可惜非常不巧,徐义正在午睡,她只好先回房间,没想到在折返的路上看见桂嬷嬷远远的朝她走来。
“呵,没想到你这丫头还真贱,什么人都勾引呀!”
徐扬儿愣住,“桂嬷嬷,你别胡说。”
“我胡说什么?在十东岭发生的事,大家都传开了,怎么?现在还有脸回来?!”桂嬷嬷将手中的水桶扔到她面前,“伤好了就去打水,别以为可以在床上躺一辈子。
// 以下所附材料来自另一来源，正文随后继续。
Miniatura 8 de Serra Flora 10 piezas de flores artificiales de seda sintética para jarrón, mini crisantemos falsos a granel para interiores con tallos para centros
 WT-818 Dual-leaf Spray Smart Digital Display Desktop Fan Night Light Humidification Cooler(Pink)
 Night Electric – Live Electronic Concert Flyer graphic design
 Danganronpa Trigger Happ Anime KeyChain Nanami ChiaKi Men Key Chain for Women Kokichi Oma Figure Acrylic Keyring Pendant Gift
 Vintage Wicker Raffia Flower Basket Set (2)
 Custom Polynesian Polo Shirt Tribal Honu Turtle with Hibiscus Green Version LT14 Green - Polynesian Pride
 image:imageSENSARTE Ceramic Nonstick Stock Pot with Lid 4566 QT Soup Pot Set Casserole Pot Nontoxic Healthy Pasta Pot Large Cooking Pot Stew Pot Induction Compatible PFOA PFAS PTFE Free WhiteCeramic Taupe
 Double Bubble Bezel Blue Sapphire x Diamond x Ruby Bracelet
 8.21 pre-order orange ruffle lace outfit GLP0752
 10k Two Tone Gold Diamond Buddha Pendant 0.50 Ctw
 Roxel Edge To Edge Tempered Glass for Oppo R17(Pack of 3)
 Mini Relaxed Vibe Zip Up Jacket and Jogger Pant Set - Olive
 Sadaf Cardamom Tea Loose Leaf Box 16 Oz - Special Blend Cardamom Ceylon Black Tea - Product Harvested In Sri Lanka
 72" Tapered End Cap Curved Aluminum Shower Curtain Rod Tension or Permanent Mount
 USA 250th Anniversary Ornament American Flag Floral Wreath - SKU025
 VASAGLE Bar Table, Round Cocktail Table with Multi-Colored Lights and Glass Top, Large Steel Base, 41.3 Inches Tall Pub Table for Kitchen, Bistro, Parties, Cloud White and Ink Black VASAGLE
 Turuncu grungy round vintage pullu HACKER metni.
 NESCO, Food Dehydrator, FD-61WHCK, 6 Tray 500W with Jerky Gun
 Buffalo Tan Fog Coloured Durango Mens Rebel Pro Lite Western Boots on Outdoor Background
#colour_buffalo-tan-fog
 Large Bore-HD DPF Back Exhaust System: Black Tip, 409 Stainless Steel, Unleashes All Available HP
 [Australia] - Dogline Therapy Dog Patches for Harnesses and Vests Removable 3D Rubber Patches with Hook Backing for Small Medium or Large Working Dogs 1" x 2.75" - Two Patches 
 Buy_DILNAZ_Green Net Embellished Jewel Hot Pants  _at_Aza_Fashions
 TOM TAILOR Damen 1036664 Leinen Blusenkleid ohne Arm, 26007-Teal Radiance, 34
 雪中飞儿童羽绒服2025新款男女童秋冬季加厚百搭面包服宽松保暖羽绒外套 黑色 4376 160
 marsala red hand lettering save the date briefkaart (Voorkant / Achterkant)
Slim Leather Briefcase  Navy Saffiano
”
“打水就打水。”她嘟着小嘴,捡起水桶。
“先把大厅擦干净,再去偏厅整理一下,再闲着就算你要去勾引皇上,我都不会饶过你。”桂嬷嬷数落她几句后,转身离开。
徐扬儿轻吐一口气,提着水桶往府邸后面的那口井走去。
好不容易将水提上来,却因过度使力震痛了颈子,她却不在意,提着水桶先到大厅,将所有的家具仔细擦拭一遍。
“扬儿姑娘,你的伤势好些了吗?”总管哈誉看见她,忍不住上前问道。
“我已经好多了,谢谢总管关心。”徐扬儿对他甜甜一笑。
她清丽可爱的模样,让哈誉难以想象她是传言中的那种姑娘。
“那就好,不过你的伤才刚好,别太辛苦.”
徐扬儿心底涌现一股暖流,笑着点点头,“我会的.现在已入冬,哈总管,你也要多加件衣裳,别着凉了。那我去偏厅了。”
看着徐扬儿纤柔的身子提着水桶离开,哈誉忍不住摇摇头,“这姑娘怎么看都那么善良,怎么会是……”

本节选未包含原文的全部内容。